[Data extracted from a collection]

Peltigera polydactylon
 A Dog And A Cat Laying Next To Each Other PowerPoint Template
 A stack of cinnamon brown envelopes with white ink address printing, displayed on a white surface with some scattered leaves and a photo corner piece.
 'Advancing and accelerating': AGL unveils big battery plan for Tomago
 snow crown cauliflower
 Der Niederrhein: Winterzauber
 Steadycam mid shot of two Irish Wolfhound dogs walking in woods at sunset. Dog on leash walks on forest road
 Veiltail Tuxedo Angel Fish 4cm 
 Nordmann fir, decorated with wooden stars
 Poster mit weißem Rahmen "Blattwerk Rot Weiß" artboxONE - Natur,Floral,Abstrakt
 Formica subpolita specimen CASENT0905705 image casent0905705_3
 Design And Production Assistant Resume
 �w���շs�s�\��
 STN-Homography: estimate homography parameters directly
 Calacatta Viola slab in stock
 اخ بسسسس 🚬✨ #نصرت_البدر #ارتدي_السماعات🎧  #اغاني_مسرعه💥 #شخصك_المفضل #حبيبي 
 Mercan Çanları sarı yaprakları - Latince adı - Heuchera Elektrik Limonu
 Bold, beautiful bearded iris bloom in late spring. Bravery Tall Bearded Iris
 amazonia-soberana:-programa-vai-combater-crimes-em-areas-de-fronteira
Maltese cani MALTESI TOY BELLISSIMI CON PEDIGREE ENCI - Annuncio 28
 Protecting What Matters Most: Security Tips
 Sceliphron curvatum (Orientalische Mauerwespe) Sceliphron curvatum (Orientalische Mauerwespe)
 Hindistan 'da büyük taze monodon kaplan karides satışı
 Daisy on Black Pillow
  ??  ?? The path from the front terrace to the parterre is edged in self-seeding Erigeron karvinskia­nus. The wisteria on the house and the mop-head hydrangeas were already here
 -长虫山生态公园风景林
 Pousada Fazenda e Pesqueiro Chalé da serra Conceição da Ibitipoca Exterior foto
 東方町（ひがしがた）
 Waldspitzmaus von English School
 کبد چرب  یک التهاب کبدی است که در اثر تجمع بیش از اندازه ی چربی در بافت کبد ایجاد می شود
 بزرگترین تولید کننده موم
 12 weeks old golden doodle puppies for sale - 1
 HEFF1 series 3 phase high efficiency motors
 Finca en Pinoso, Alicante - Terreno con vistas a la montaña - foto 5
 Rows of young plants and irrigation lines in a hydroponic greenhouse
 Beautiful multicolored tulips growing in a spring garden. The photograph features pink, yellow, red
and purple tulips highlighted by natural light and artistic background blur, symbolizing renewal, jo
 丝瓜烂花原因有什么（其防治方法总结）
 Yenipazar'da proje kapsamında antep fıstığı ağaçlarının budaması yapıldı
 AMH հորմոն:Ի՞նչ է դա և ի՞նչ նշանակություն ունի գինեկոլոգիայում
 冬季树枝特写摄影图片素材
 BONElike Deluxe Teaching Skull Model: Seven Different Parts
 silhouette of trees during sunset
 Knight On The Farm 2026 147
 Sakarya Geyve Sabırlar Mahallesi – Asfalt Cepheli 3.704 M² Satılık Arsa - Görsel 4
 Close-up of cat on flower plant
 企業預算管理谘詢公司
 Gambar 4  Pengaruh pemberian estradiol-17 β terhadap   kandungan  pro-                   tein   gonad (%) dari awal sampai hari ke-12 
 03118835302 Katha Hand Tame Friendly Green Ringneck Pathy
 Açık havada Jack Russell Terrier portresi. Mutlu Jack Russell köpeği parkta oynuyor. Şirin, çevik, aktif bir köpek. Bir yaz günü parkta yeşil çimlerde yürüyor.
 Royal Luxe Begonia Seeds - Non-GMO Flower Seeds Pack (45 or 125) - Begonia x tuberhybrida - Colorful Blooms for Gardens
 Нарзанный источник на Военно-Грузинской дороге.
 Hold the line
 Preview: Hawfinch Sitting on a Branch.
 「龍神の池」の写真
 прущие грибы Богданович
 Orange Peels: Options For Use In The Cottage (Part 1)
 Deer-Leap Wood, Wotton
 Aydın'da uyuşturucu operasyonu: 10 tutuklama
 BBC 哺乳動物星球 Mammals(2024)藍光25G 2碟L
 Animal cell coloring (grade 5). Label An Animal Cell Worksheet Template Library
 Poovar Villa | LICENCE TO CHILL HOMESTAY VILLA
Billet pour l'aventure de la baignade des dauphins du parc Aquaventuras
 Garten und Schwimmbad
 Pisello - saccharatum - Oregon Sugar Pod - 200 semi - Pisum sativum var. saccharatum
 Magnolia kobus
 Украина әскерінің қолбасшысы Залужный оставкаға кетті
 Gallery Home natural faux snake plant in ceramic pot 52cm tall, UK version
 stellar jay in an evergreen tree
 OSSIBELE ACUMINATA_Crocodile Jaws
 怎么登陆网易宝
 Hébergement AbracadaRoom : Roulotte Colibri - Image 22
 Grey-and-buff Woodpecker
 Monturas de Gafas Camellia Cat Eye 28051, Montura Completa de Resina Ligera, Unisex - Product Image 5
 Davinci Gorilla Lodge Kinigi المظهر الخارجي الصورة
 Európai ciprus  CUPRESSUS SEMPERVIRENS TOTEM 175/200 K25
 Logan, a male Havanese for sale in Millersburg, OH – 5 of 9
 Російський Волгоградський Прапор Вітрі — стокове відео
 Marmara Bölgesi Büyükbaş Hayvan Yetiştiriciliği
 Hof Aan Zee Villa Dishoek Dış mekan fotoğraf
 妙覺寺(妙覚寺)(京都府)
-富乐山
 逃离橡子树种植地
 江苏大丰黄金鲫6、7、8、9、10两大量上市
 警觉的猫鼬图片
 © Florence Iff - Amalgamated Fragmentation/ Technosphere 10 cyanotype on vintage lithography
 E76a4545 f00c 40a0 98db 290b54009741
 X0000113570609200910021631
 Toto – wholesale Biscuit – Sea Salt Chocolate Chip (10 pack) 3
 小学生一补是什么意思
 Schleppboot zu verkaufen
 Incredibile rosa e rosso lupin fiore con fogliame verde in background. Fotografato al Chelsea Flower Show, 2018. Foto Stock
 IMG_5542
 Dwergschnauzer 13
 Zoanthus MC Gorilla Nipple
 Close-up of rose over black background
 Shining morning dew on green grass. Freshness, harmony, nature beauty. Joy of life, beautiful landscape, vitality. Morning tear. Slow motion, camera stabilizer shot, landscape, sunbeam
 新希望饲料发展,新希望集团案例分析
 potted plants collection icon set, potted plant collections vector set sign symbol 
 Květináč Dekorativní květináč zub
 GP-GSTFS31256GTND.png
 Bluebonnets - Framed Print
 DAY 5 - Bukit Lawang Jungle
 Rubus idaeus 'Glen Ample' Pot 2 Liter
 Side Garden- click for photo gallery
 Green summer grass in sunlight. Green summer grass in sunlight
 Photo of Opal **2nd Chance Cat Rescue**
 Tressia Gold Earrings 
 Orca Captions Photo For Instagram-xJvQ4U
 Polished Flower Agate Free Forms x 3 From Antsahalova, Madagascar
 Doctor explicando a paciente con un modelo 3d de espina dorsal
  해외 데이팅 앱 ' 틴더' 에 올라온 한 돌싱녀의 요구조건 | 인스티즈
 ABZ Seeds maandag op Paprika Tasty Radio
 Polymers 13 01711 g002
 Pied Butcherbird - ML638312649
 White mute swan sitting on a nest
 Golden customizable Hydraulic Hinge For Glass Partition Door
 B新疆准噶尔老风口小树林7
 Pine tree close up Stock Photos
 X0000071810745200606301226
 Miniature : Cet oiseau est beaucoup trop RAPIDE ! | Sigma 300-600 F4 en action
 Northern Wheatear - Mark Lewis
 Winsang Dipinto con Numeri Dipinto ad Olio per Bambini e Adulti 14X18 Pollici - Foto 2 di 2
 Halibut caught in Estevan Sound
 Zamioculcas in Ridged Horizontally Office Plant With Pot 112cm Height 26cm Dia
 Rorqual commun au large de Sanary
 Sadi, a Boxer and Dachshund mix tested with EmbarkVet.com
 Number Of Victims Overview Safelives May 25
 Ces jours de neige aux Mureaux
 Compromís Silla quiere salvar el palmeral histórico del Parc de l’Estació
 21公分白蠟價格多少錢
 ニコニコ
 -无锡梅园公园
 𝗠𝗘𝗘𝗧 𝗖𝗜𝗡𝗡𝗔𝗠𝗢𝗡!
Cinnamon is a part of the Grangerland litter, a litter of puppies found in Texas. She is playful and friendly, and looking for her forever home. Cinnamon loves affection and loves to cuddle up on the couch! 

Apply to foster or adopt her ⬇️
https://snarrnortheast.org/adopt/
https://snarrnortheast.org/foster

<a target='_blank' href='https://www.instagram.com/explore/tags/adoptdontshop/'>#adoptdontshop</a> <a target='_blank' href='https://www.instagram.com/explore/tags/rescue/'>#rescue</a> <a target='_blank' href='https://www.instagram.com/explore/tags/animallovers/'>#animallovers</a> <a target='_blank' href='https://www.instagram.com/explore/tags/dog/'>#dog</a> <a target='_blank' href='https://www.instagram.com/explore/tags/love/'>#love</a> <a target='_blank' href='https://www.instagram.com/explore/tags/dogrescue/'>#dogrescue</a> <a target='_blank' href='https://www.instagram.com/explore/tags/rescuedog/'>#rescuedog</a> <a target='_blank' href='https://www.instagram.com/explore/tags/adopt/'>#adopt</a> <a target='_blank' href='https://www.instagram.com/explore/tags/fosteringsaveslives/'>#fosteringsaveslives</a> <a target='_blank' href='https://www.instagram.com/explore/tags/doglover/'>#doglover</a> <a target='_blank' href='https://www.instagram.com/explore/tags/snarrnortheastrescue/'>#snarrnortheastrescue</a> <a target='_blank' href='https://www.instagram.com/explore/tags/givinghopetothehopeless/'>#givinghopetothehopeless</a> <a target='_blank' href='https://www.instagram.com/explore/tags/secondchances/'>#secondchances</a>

ASSIGNED TASK: Exactly as they stand, set down the lines from the top of the data through the line with "Mercan Çanları sarı".

EXERCISE RESPONSE:
Peltigera polydactylon
 A Dog And A Cat Laying Next To Each Other PowerPoint Template
 A stack of cinnamon brown envelopes with white ink address printing, displayed on a white surface with some scattered leaves and a photo corner piece.
 'Advancing and accelerating': AGL unveils big battery plan for Tomago
 snow crown cauliflower
 Der Niederrhein: Winterzauber
 Steadycam mid shot of two Irish Wolfhound dogs walking in woods at sunset. Dog on leash walks on forest road
 Veiltail Tuxedo Angel Fish 4cm 
 Nordmann fir, decorated with wooden stars
 Poster mit weißem Rahmen "Blattwerk Rot Weiß" artboxONE - Natur,Floral,Abstrakt
 Formica subpolita specimen CASENT0905705 image casent0905705_3
 Design And Production Assistant Resume
 �w���շs�s�\��
 STN-Homography: estimate homography parameters directly
 Calacatta Viola slab in stock
 اخ بسسسس 🚬✨ #نصرت_البدر #ارتدي_السماعات🎧  #اغاني_مسرعه💥 #شخصك_المفضل #حبيبي 
 Mercan Çanları sarı yaprakları - Latince adı - Heuchera Elektrik Limonu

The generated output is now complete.